(Data entries)

╭──

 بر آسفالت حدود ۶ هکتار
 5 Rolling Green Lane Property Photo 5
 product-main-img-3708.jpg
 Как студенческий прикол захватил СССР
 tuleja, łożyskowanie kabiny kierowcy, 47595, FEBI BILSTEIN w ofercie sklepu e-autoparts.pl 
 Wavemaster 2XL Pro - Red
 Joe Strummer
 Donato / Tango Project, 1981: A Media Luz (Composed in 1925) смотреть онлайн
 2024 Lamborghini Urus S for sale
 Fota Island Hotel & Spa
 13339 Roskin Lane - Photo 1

╰──

Lines from the one containing "Wavemaster 2XL Pro - Red" through the end of the entries above must be copied exactly; include both ends and no other lines.

 Wavemaster 2XL Pro - Red
 Joe Strummer
 Donato / Tango Project, 1981: A Media Luz (Composed in 1925) смотреть онлайн
 2024 Lamborghini Urus S for sale
 Fota Island Hotel & Spa
 13339 Roskin Lane - Photo 1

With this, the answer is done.